Dans le but d’étendre la portée de ses droits fictifs et de créer de nouveaux précédents, le Saint-Synode du Patriarcat de Constantinople a, le 17 février 2023, a « abrogé » les décisions dûment ratifiées du tribunal ecclésiastique du diocèse de Vilnius concernant la destitution du rang sacerdotal de cinq ecclésiastiques pour des délits canoniques commis par eux et, sur la recommandation du patriarche Bartholomée, les a « rétablis » dans leurs anciens rangs sacerdotaux. Dans le même temps, malgré l’assurance d’une « enquête méticuleuse sur les cas examinés », le Saint-Synode du Patriarcat de Constantinople ne disposait pas des documents relatifs aux affaires judiciaires et se fondait exclusivement sur les déclarations personnelles des ecclésiastiques mentionnés, qui reflétaient unilatéralement leurs opinions et leurs intérêts[36]. De la même façon, le 27 juin 2023, un clerc du diocèse de Moscou a également été « rétabli » dans son rang sacerdotal sur la base d’une déclaration personnelle, sans étude des documents du tribunal, bien que la procédure de privation de son rang sacerdotal engagée par le tribunal ecclésiastique diocésain n’ait pas été achevée (la confirmation du verdict par le patriarche de Moscou et de toute la Russie n’avait pas eu lieu au moment de l’examen de la question à Constantinople[37]).

Poursuivant ses activités illégales, le Saint-Synode du Patriarcat de Constantinople a examiné, les 25 et 26 avril 2023, les appels de deux clercs de l’Église orthodoxe en Amérique, qui avaient fait l’objet de sanctions par le tribunal ecclésiastique de leur Église locale en raison de leurs délits canoniques.

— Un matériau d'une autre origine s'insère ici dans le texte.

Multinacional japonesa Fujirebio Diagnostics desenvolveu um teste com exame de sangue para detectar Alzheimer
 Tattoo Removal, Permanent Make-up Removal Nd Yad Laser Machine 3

Il est ainsi créé une situation des plus dangereuses, lorsqu’un clerc qui a transgressé les saints canons et a été destitué de son rang sacerdotal dans son Église locale peut interjeter appel à Constantinople et recevoir une « réintégration dans le rang sacerdotal ». Qui plus est, ces clercs peuvent être utilisés pour créer une structure du Patriarcat de Constantinople sur le territoire canonique d’une autre Église locale.

3. Le « rétablissement dans le rang sacerdotal » des schismatiques qui n’ont pas été ordonnés canoniquement ou qui ont perdu leur rang pour avoir rejoint le schisme

Le « rétablissement dans le rang sacerdotal »des schismatiques ukrainiens par le Patriarcat de Constantinople constitue une violation indubitable des saints canons et une rupture avec la pratique séculaire de l’Église.

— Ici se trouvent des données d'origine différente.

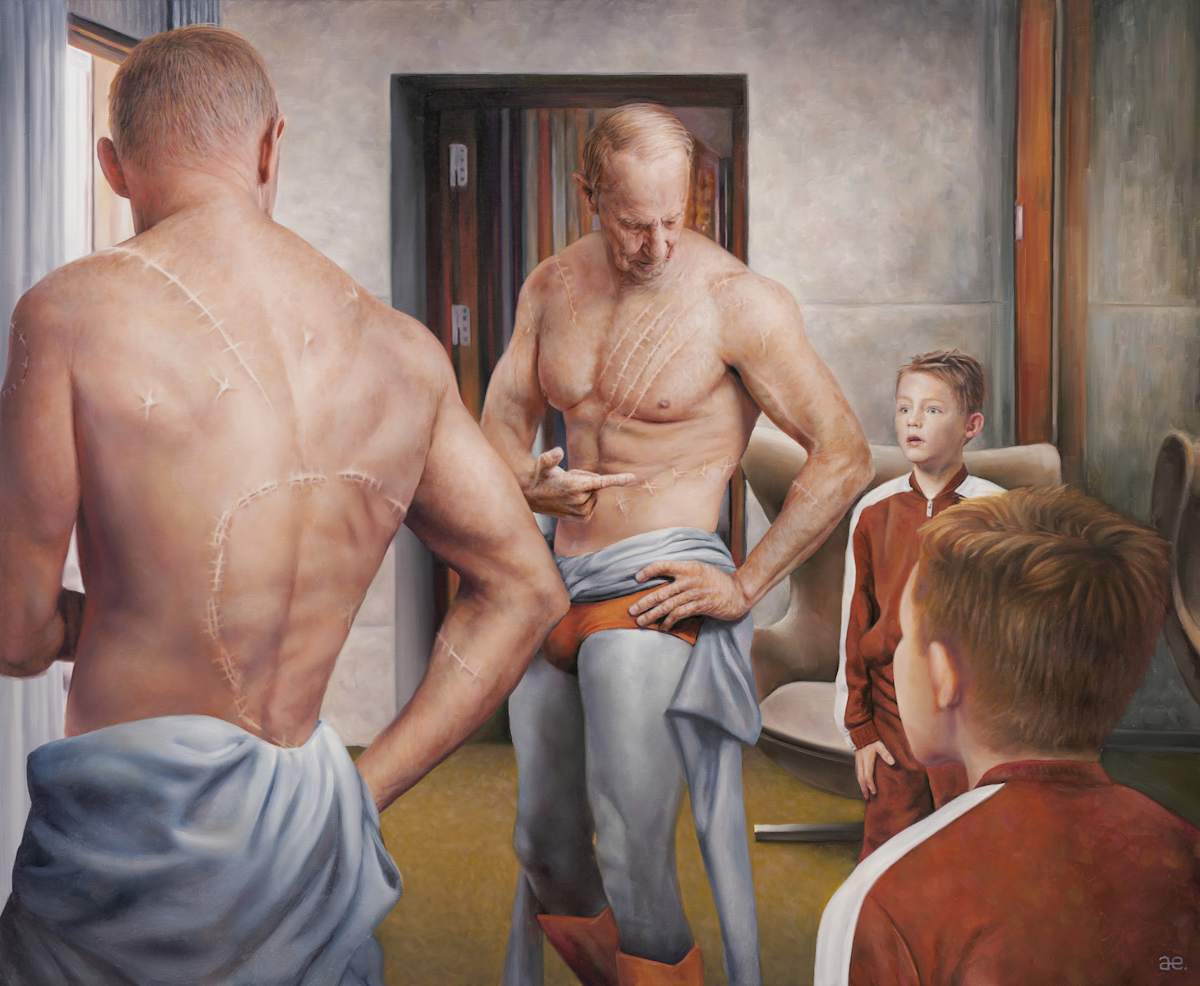 Scars by Andreas Englund, Image 2.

Par la décision du Saint-Synode du Patriarcat de Constantinople du 11 octobre 2018, les « hiérarques » et « clercs » de deux structures schismatiques en Ukraine – l’Église orthodoxe ukrainienne – Patriarcat de Kiev et l’Église orthodoxe ukrainienne autocéphale – ont été acceptés dans la communion ecclésiale « dans leur rang sacerdotal existant », sans examen des circonstances de leur condamnation et de la validité de leurs ordinations.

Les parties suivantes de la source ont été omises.